Poderia uma declaração de ódio ter o mesmo peso de uma
de amor? Não importa, pois eu, que já declarei todo o meu amor,
não tenho mais nada a declarar. Exceto meu ódio.
Sempre me espantou a capacidade humana de mudar de opinião. Não
que eu seja contra - até acho bastante saudável -, mas como é
que se passa de vítima a algoz?
Foi há dois anos que esse homem entrou na minha vida e não tenho
ideia de quando irá finalmente sair. Ele chegou como uma resposta
aos meus anseios. Sabe quando você encontra o seu tipo de homem? É,
eu encontrei, mas parece que só eu me dava conta disso. E ainda tinha
o maior prazer em fazer papel de boa samaritana, achando que estava salvando-o
de um abismo de solidão rumo à felicidade que só eu poderia
proporcionar.
Ele se achava tão incompreendido, tão carente de afetos, que eu
me desdobrava para não ser mais uma a lhe negar essas necessidades tão
primárias. E a armadilha do canalha era perfeita, pois enquanto estava
preocupada em não decepcioná-lo, deixava que ele me decepcionasse
de todas as formas. Permitia que ele me sufocasse com negligência, desafeto
e falta de respeito. Relevava as noites passadas em claro evocando os farelos
de um amor que só existia como uma promessa no meu coração.
Ele invadia, tal qual posseiro, minha casa, minha família, meu círculo
de amizades, e tudo mais que eu tivesse de particular. Enquanto sua vida era
um relicário dos mais sagrados. Mas é lógico, eu não
podia compreender, eu que tinha uma boa vida e era cercada do carinho dos meus.
Eu era insensível diante duma vida tão desgraçada... Vil,
mentiroso, cruel. Sordidamente transformando tudo que era motivo de orgulho
numa deficiência de caráter. Chego a pensar que tudo foi premeditado
desde o início. Talvez seja o seu modus operandi. E depois que
ele se cansa do novo brinquedo, fica tão prático descartá-lo,
já que nunca prometera nada. Eu sempre me comprometi por nós dois.
Não que ele fugisse, simplesmente se omitia. O que, convenhamos, torna
tudo mais difuso. Afinal de contas, acusá-lo de quê? De ter permitido
que eu fizesse dele a razão do meu viver? Como colocar em palavras cada
cena que passou por minha cabeça sonhadora e infeliz? E, mais que tudo,
como remendar esse maldito coração?
Depois de todo mal que causou, não teve nem a decência de ir embora
de vez. Não, ele fica sempre rondando. Como um abutre escroto, que não
descansará até devorar todos os restos da vítima. Sempre
arrebentando os pontos com que tento suturar meu sutil equilíbrio.

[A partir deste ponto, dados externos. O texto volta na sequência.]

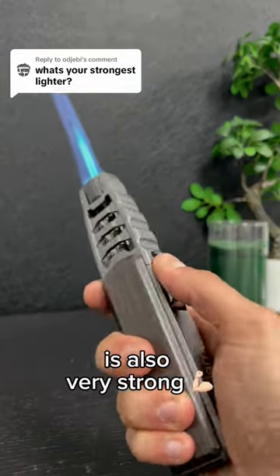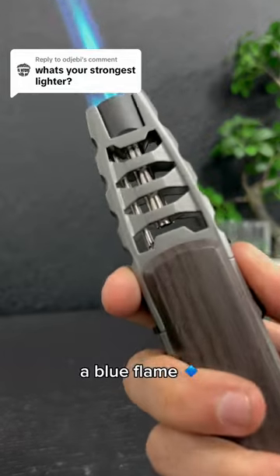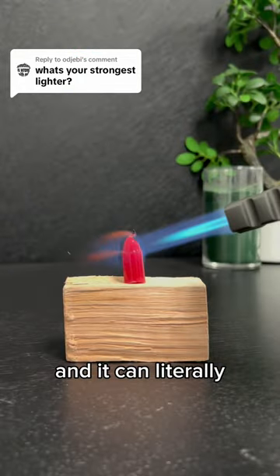The Jedi flame is also very strong. It throws out a blue flame from the armored top, and it can literally burn through anything.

Sei que ele adoraria ser meu amigo. De preferência, um amigo que tivesse
direito a compartilhar da minha cama. Amigos é algo que nunca poderemos
ser. Acho que nem mesmo uma convivência pacífica poderia ocorrer.
Eu não aguentaria uma situação de ódio velado.
Não. Se é só ódio que me resta, que seja declarado,
destilado com puro prazer. Eu me reservo o direito de ser baixa, antissocial
e desequilibrada. A minha imagem perante as polianas de plantão é
o que menos incomoda. Se ao menos eu pudesse retirar esse travo amargo que me
acompanha. É difícil lembrar que gosto já teve minha boca,
antes de virar um receptáculo do mais odioso veneno.
Ele é culpado. De não saber me amar, de não acreditar que
tínhamos um futuro, de não ter me abandonado antes de eu me apaixonar.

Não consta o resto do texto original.